# PROBLEM DESCRIPTION
May I please have every record restated word for word, with the images left out?

———

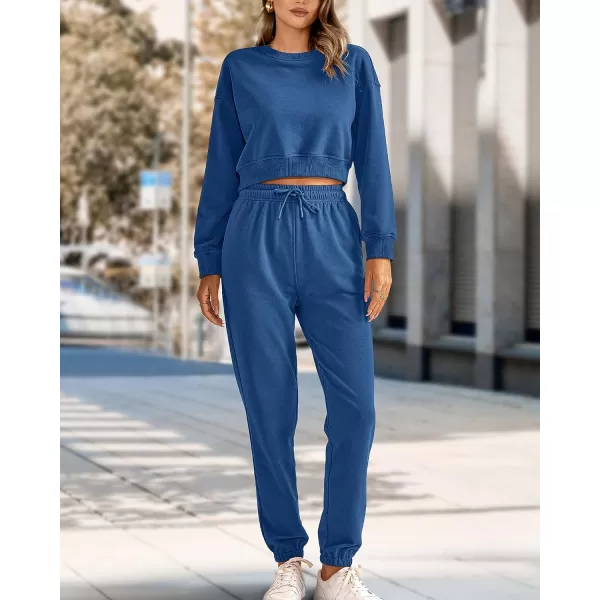 imageBTFBM Women 2 Piece Outfits Long Sleeve Crop Top Pullover Drawstring Pant Jogger Set Casual Sweatsuits Tracksuit PocketsSolid Lake Blue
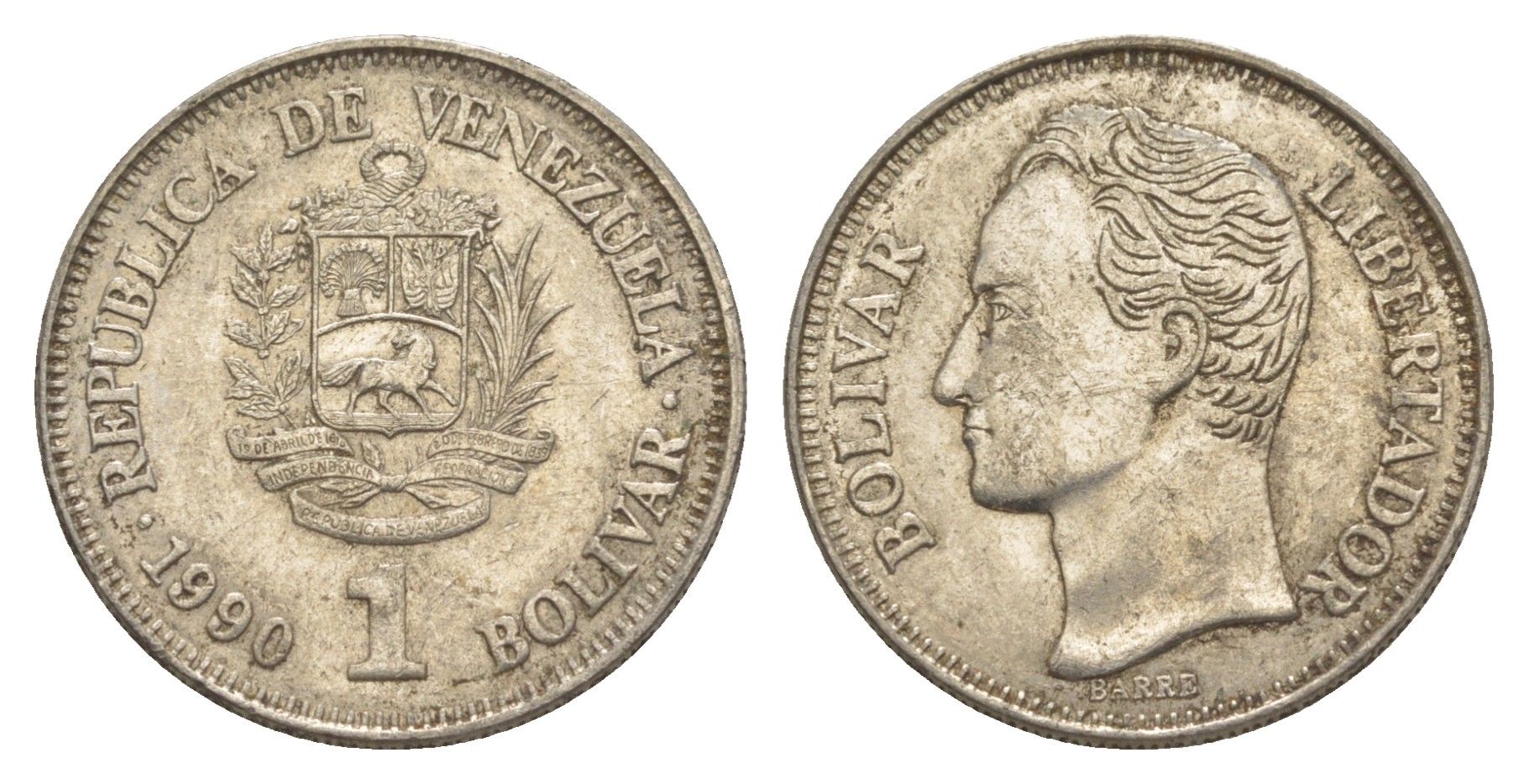 Венесуэла 1 боливар 1990 Симон Боливар, толстый шрифт Y 52a.2 сталь плакированная никелем 4591-1052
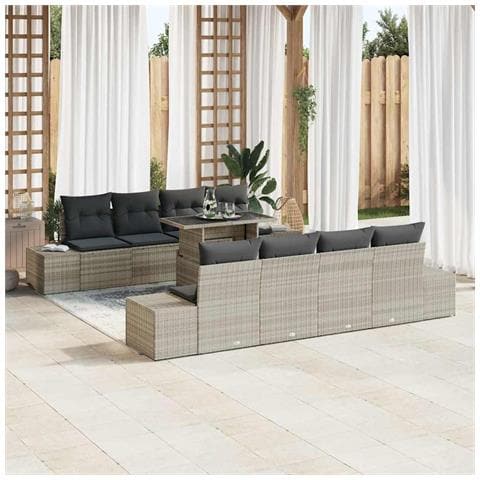 Set di Divani da Giardino da 9 Pezzi con Cuscini Grigio Chiaro Polyrattan - Foto 2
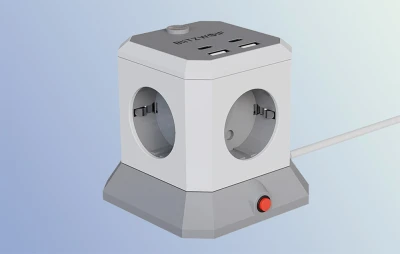 BlitzWolf BW-EC1 bílo-šedá 4xAC 2xUSB-A 2xUSB-C prodlužovací zásuvka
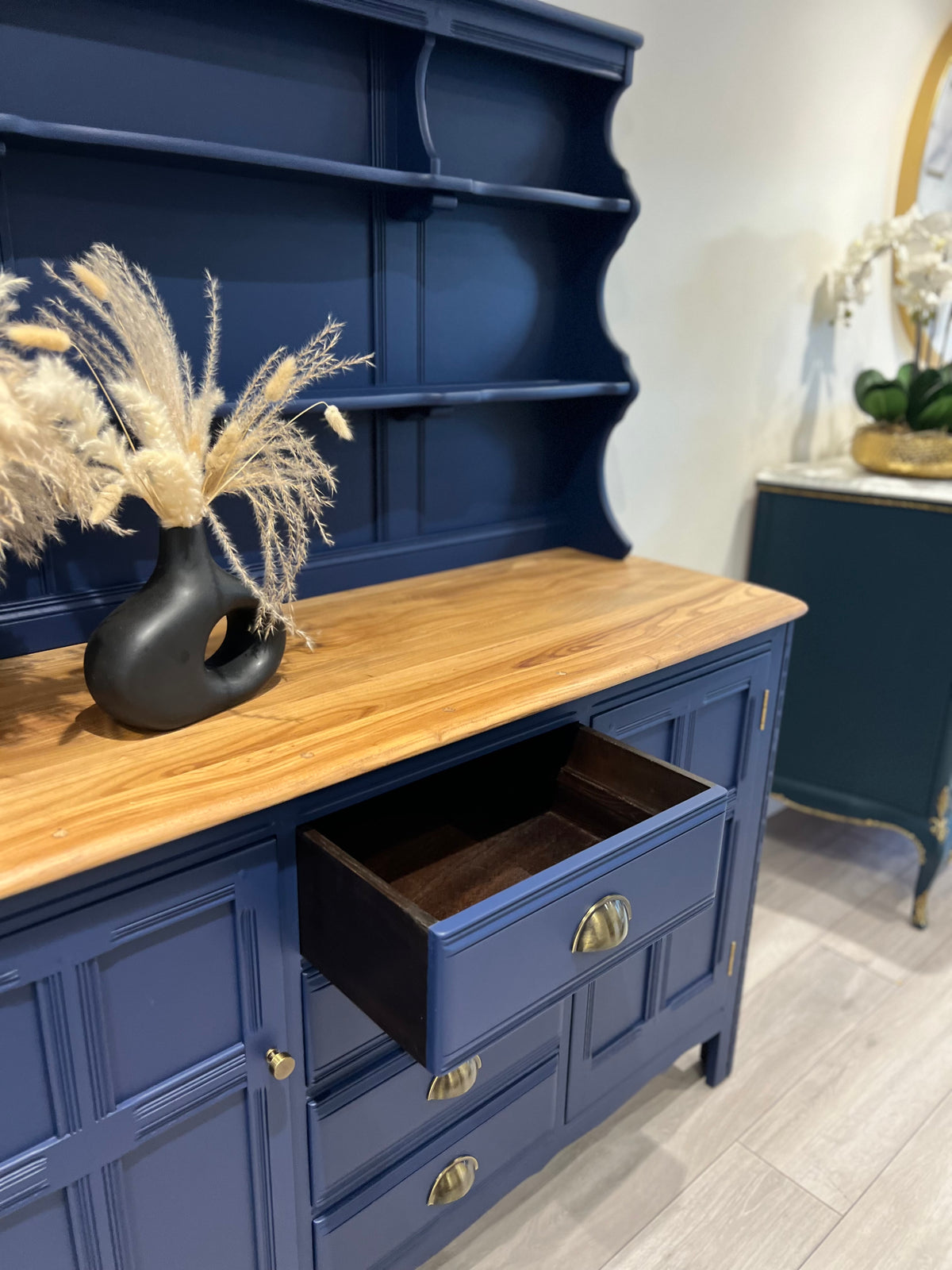 Ercol Dresser: Mid-Century Modern Blue Cabinet, UK Crafted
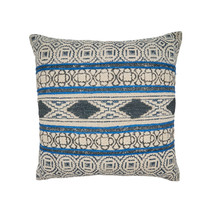 SARO 20 in. Square Throw Pillow Cover with Blue Boho Rug Design - $59.81
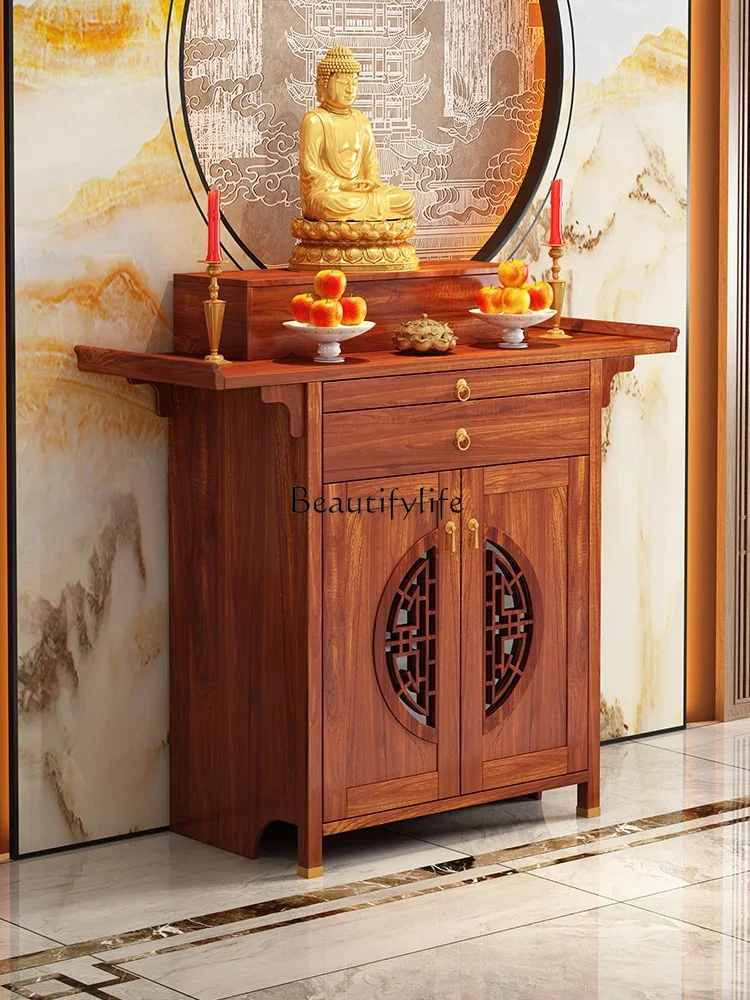 New Chinese Style Solid Wood Altar God of Wealth Cabinet Modern Minimalist Shrine Prayer Altar Table Table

———

# OUTPUT OF THE TASK
 imageBTFBM Women 2 Piece Outfits Long Sleeve Crop Top Pullover Drawstring Pant Jogger Set Casual Sweatsuits Tracksuit PocketsSolid Lake Blue
 Венесуэла 1 боливар 1990 Симон Боливар, толстый шрифт Y 52a.2 сталь плакированная никелем 4591-1052
 Set di Divani da Giardino da 9 Pezzi con Cuscini Grigio Chiaro Polyrattan - Foto 2
 BlitzWolf BW-EC1 bílo-šedá 4xAC 2xUSB-A 2xUSB-C prodlužovací zásuvka
 Ercol Dresser: Mid-Century Modern Blue Cabinet, UK Crafted
 SARO 20 in. Square Throw Pillow Cover with Blue Boho Rug Design - $59.81
 New Chinese Style Solid Wood Altar God of Wealth Cabinet Modern Minimalist Shrine Prayer Altar Table Table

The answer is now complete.